I have tried locating a  specialized handball team to unload containers on a regular basic,  tried a few recruitment agencies but no luck, anyone know of any Dublin based ,
Thanks


----------



## mandelbrot (1 May 2014)

Huh?


----------



## ajapale (2 May 2014)

To "handball" is a colloquial term used in parts of the country to describe the activity of manouvering bulky items such as furniture by hand without the assistance of hoists or trolleys.


----------



## 110quests (2 May 2014)

dodo said:


> I have tried locating a  specialized handball team to unload containers on a regular basic,  tried a few recruitment agencies but no luck, anyone know of any Dublin based ,
> Thanks



Could you expand on CV requirements of (specialized handball team) . please ?  Handball is under the umbrella of the GAA  and I'm sure Liam O'Neill would be delighted to inform you as to which handball team has qualifications in unloading containers ! See, you don't need recruitment agencies .


----------



## vandriver (2 May 2014)

Handballing is a perfectly normal word in the logistics industry.No need for smart answers.


----------



## Brendan Burgess (2 May 2014)

I don't work in the logistics industry and have to say that I was completely mystified by the post last night.  I thought he had some weird plan to use fit sports people to help him move stuff.


----------



## Commercial (2 May 2014)

If you try CLS  recruitment, they might help. They specialise in labourers etc


----------



## mandelbrot (2 May 2014)

I genuinely thought that it was some kind of mad autocorrect error...


----------



## Brendan Burgess (2 May 2014)

I must say that  I would be very annoyed if someone invited me to a game of handball, and then said "See that truck. Unload it!" 

Brendan


----------



## ali (2 May 2014)

dodo said:


> I have tried locating a  specialized handball team to unload containers on a regular basic,  tried a few recruitment agencies but no luck, anyone know of any Dublin based ,
> Thanks



My brother is Operations Manager for an importer with several large warehouses on John Rogersons Quay in Dublin. He would regularly (fortnightly or monthly) require unloading of containers in this fashion and calls a very reliable guy who assembles a team to do the job. This is not their full time occupation and sometime the group makeup is different but the guy is always there in charge and they have never let him down. 

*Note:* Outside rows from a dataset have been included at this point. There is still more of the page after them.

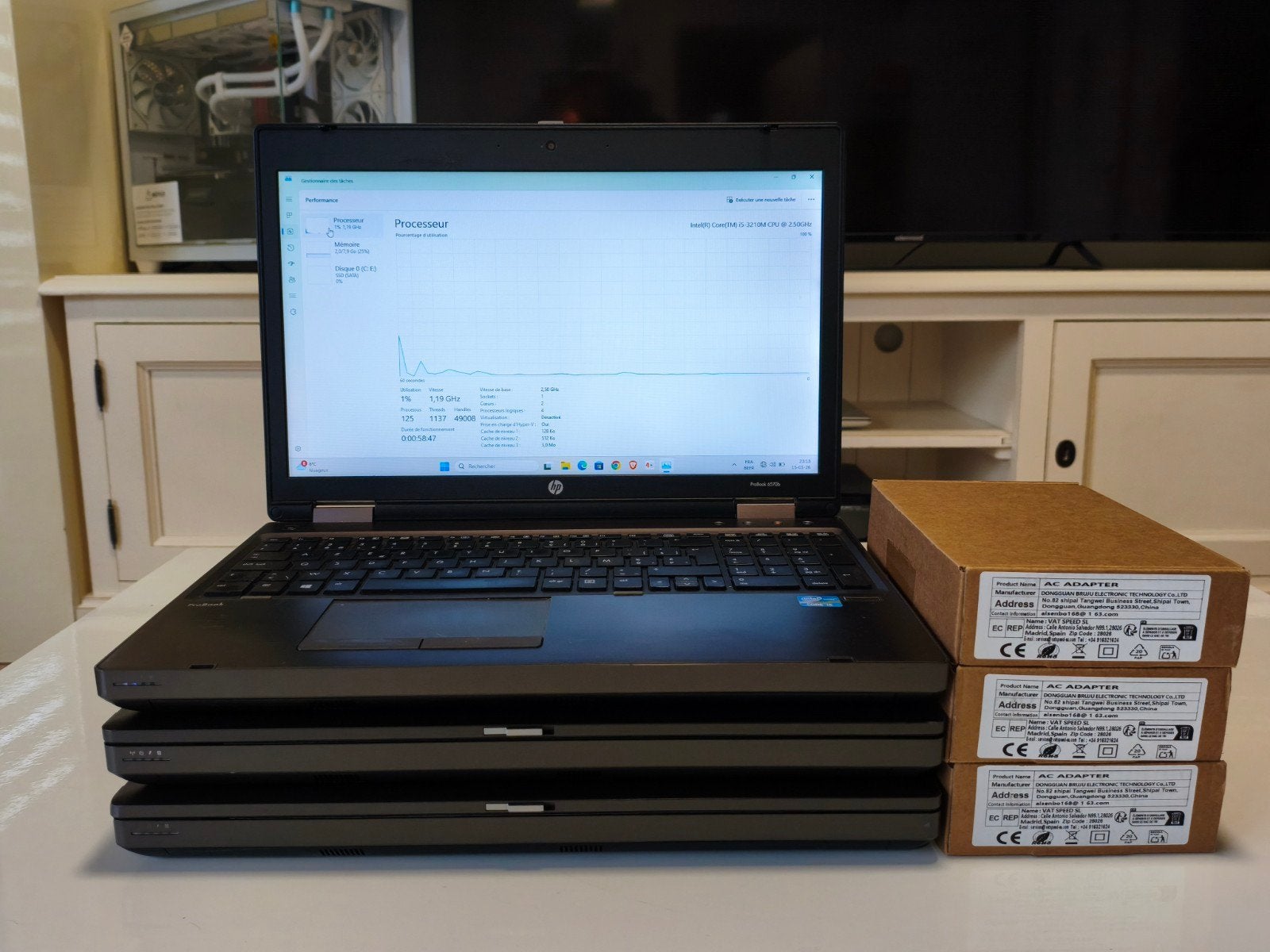 3 PC PORTABLES HP PROBOOK – 8 Go RAM – SSD, Informatique & Logiciels, Reconditionné, SSD, Azerty, HP Probook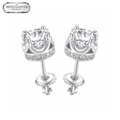 Arete Imperial 8mm - Plata 925 & Moissanita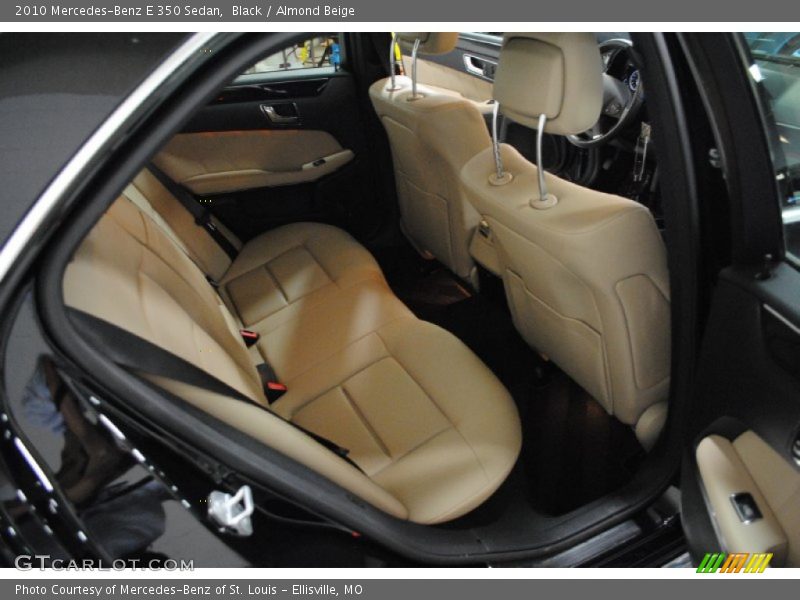 Black / Almond Beige 2010 Mercedes-Benz E 350 Sedan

I can get his number if you want. Not sure if they have their own insurance or whether they come under the PL and EL insurance for the business they work for. I know my brother looked for a tax clearance cert from him at the start of the arrangement but no idea whether he charges VAT or gets paid through invoicing or what.

A.


----------



## vandriver (2 May 2014)

Any of your mates have burly teenagers looking for a few quid?


----------



## 110quests (2 May 2014)

vandriver said:


> Handballing is a perfectly normal word in the logistics industry.No need for smart answers.



Vandriver, I know the word handball only with regard to sport. We learn something new every day, which is good. I wasn't trying to be smart, just humorous !


----------



## Setanta12 (2 May 2014)

brendan burgess said:


> i must say that  i would be very annoyed if someone invited me to a game of handball, and then said "see that truck. Unload it!"
> 
> brendan



+10,000 =)


----------



## dodo (7 May 2014)

Sorry been away only back now,  it would be to handball aka remove cases of eg chicken from container onto pallets as when container comes from china they do not use pallets as they need to ship as much of the product as possible to save on cost, there would be on average 2000 cases which would in turn be about 35 pallets.  

Handball means no machine used just the bare hand


----------



## Sandals (8 May 2014)

....did u try pm id sent u previously....


----------



## Leo (8 May 2014)

Sandals said:


> ....did u try pm id sent u previously....



Please note recommendations via PM are not allowed.


----------



## Sandals (8 May 2014)

oh sorry, thought id be engaging in advertising by putting it up...its a courier company based in midlands.


----------